Installing Cloudera Data Science Workbench 1.7.2 Using Cloudera Manager

Prerequisites

Before you begin installing Cloudera Data Science Workbench, make sure you have completed the steps to secure your hosts, set up DNS subdomains, and configure block devices.

Configure Apache Spark 2

Depending on the platform you are using, use one of the following sections to configure Apache Spark 2.

CDH 5

  1. Install and configure the CDS 2.x Powered by Apache Spark parcel and CSD. For instructions, see Installing CDS 2.x Powered by Apache Spark.

  2. To be able to use Spark 2, each user must have their own /home directory in HDFS. If you sign in to Hue first, these directories will automatically be created for you. Alternatively, you can have cluster administrators create these directories.
    hdfs dfs -mkdir /user/<username>
    hdfs dfs -chown <username>:<username> /user/<username>

    If you are using CDS 2.3 release 2 (or higher), review the associated known issues here: CDS Powered By Apache Spark.

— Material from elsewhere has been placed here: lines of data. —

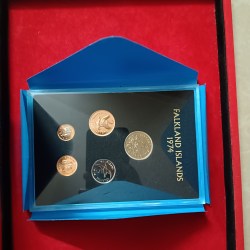 Alternative view of Extremely Rare Coinage of The FALKLAND Islands 1974 Year Proof Coin Set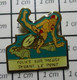 2817 Pin's Pins / Beau Et Rare / THEME : SPORTS / NATATION FOLIES SUR MEUSE DEVANT LE PONT - Natation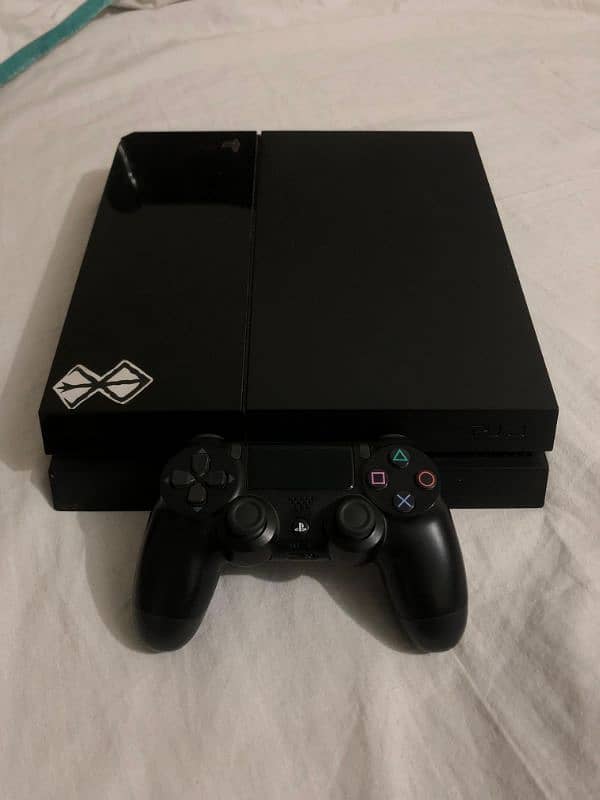 PS4 fat 500 gb with one controller non jailbreak 1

  3. Use Cloudera Manager to create add gateway hosts to your CDH cluster.
    1. Create a new host template that includes gateway roles for HDFS, YARN, and Spark 2.

      (Required for CDH 6 and CDP Data Center) If you want to run workloads on dataframe-based tables, such as tables from PySpark, sparklyr, SparkSQL, or Scala, you must also add the Hive gateway role to the template.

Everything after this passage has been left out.